29° and dark was the biting forecast just outside my tent at the base of the California Eastern Sierras a few frosted high desert mornings ago. Because I was nestled in the comforts of a toasty -25° Kelty sleeping bag designed for an Arctic field surveyor, the cold hadn’t bit me just yet. Aggressively nibbling it was, as the winter chompers of that eager morning were on alerted standby. My goal was simply to catch the morning glow as it would creep upon the highest mountain peak in the contiguous 48 states, Mt. Whitney. At 14,505 feet, this colossal point among hundreds of lesser-known across the freshly powdered Sierra Nevada was within a short 10 minute drive from my campsite.
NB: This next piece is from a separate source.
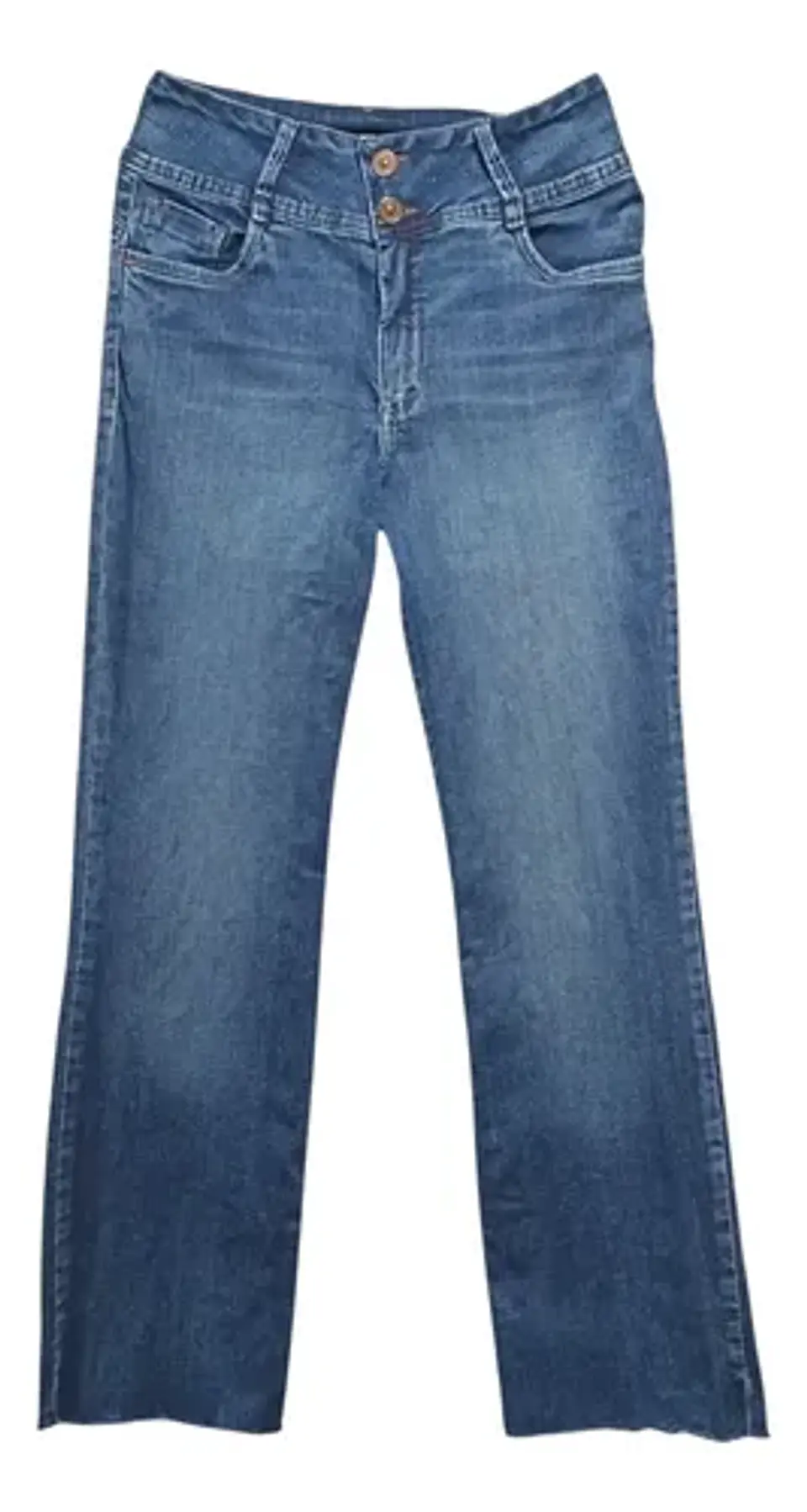 Jeans Wados Rectos Push Up Tiro Alto Pretina Ancha Talla 42 2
In order to witness the lovely thulian-and-rouge-hued “magic hour” light casting over these majestic peaks, which was scheduled to make an initial appearance around 6:20am, I had to bear the inevitable and mentally excruciating sound of the un”zip” and force my thermal-layered buns out of that cozy tent. With a pocketful of chilled Girl Scout Thin Mint cookies as my motivating breakfast, I hit the road to a scenic viewpoint overlooking the bumpy and barren Alabama Hills.
6am arrival. Twilight slowly stalking the Sierras like a bobcat moving stealthily towards an unsuspecting desert cottontail rabbit. Gloves off. Ice cold tripod the reminiscent temperature of the 3 Weihenstephaner Hefeweizen beers I guzzled down 8 hours earlier. Camera mounted. I set up my shot and waited patiently in the soul-numbing silence of desert dawn. The cheek-numbing cold was omnipresent as well, but mostly ignorable due to the epic scene that was unfolding before my stretch-deprived eyes. Like the sun melting beyond an ocean horizon, the first light of day emerges quickly. A blanket of magenta-colored clouds hovered over the jagged mountain tops, acting as a quick cue to position the finger on the trigger.
Not more than 20 seconds later, boom…and there it was. Ideally, my first instinct is to admire such a scene with eyes wide open panning a full 180° panorama. But in order to provide visuals along with my story, my default view must come primarily through the small square prism of my cropped camera viewfinder. I clicked away with an overwhelming awe. The “magic hour” light usually peaks and begins to fade within a window of a few short minutes, so you have to make efficient time of your shot selection. I photographed as much as I could while I was rewarded the most beautiful light of any morning I had witnessed throughout the trip, while framing the rugged contrast of the peculiar Alabama Hills in the foreground of the towering and magnificent Eastern Sierras.
If there was ever a confirmation of my long-standing claim that the most beautiful time of the day is to be experienced at first light, this was a universal, unanimous jury. You can deprive me of hand-warmers and cookies all you want, but you can’t deprive me of the desire to witness this Earth at its most captivating and inspiring hour (or minutes) during its steady revolution around the big “glow”.